*** Extracted material Section Begins ***

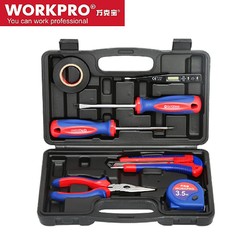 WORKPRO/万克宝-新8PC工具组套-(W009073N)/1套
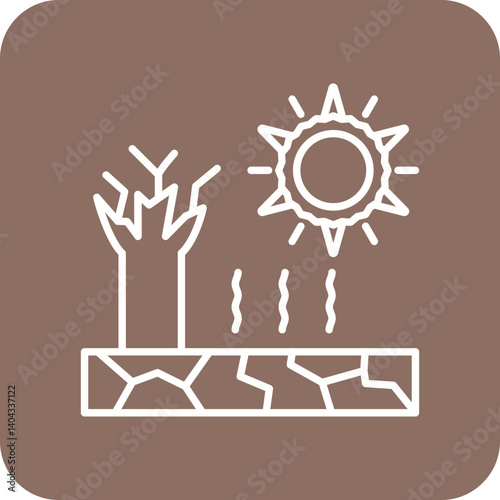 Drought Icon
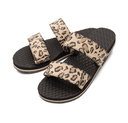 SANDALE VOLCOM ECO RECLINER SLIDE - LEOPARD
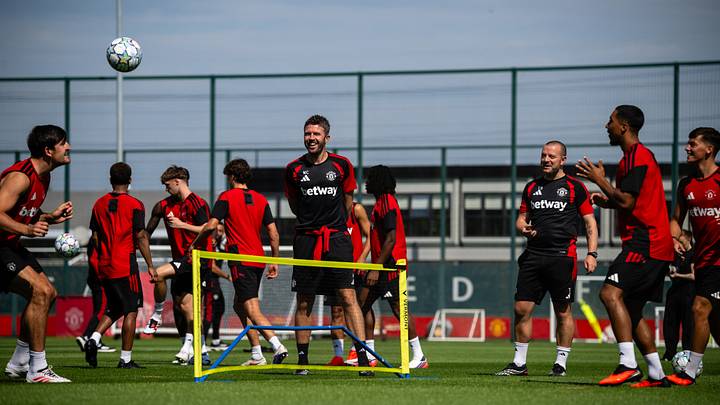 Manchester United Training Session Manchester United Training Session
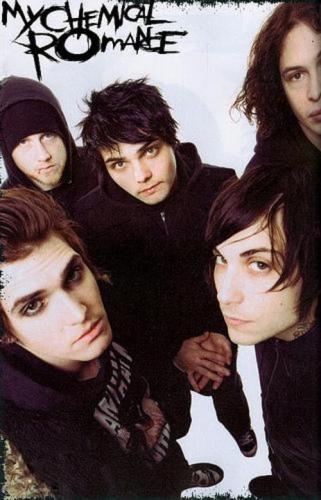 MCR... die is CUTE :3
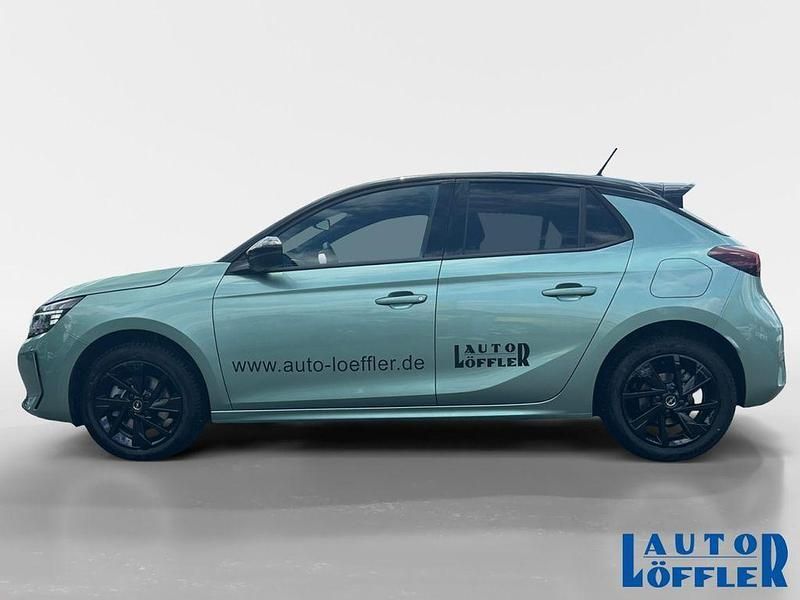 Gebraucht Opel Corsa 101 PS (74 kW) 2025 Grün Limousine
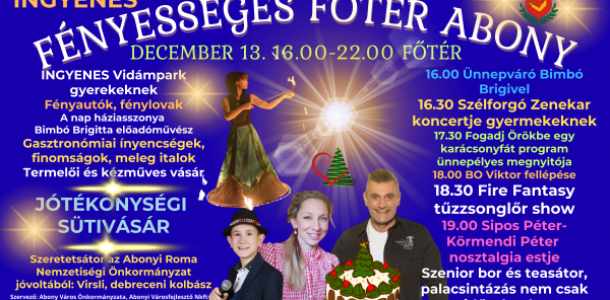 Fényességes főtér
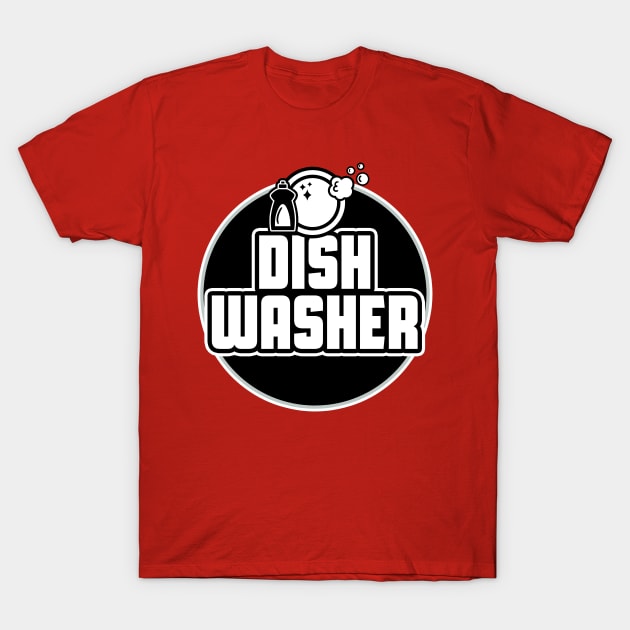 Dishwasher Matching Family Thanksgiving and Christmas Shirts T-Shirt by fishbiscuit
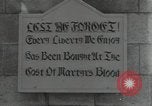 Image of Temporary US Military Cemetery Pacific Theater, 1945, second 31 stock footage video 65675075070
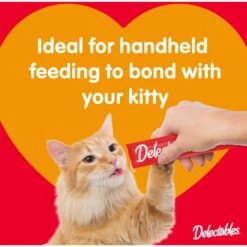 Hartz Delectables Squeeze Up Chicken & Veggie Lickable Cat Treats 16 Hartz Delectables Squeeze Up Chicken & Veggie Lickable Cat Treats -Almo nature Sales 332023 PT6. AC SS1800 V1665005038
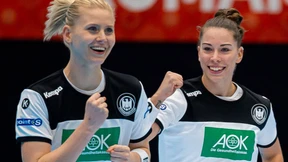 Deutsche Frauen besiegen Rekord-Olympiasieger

*** Extracted material Section Ends ***

What is being asked
Leave the images aside and retype each line of the listing above exactly.

Answer to this problem
 WORKPRO/万克宝-新8PC工具组套-(W009073N)/1套
 Drought Icon
 SANDALE VOLCOM ECO RECLINER SLIDE - LEOPARD
 Manchester United Training Session Manchester United Training Session
 MCR... die is CUTE :3
 Gebraucht Opel Corsa 101 PS (74 kW) 2025 Grün Limousine
 Fényességes főtér
 Dishwasher Matching Family Thanksgiving and Christmas Shirts T-Shirt by fishbiscuit
 Image of Temporary US Military Cemetery Pacific Theater, 1945, second 31 stock footage video 65675075070
 Hartz Delectables Squeeze Up Chicken & Veggie Lickable Cat Treats 16 Hartz Delectables Squeeze Up Chicken & Veggie Lickable Cat Treats -Almo nature Sales 332023 PT6. AC SS1800 V1665005038
 Deutsche Frauen besiegen Rekord-Olympiasieger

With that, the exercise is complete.